For me, today, my answer is to say that to speak of God is to speak of the sum of values I choose to find and do find in dialogue with the inherited historical faith traditions. Specifically Christian values are not easy to meet: they are demanding; some of them, however, must be criticised and possibly attacked, like the patriarchy of the language and its dreadful problem with sexuality. However, it is a narrative, and to speak of a creator God is, for me, simply to be asked to think again and reorientate myself to the creation using this language.

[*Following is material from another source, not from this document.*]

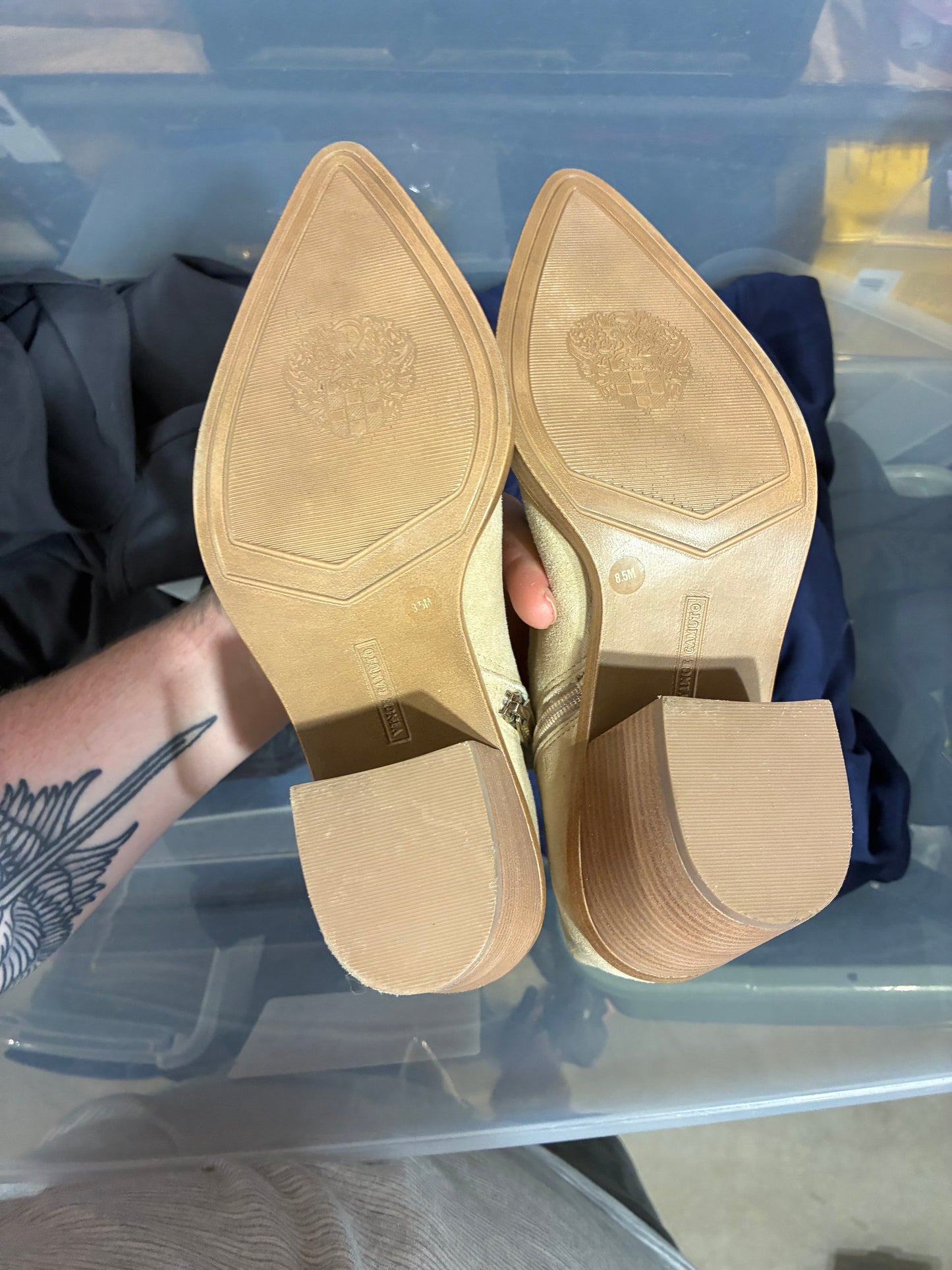 VINCE CAMUTO TAN SUEDE LEATHER ANKLE BOOTS 8.5M WOMENS WESTERN FORMAL PRE OWNED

For me, a God of the narrative relates to religious ritual by which we ask ourselves who we are and how we should relate to all that is around us. We do this in relationship with other people; we do the same in relationship with all creation. What we do is use our social language to add value to the world, to believe in it, to say that it is good, to want it to go on and succeed, to build itself through its own processes of addition and decay. This is my view, at least. Amen.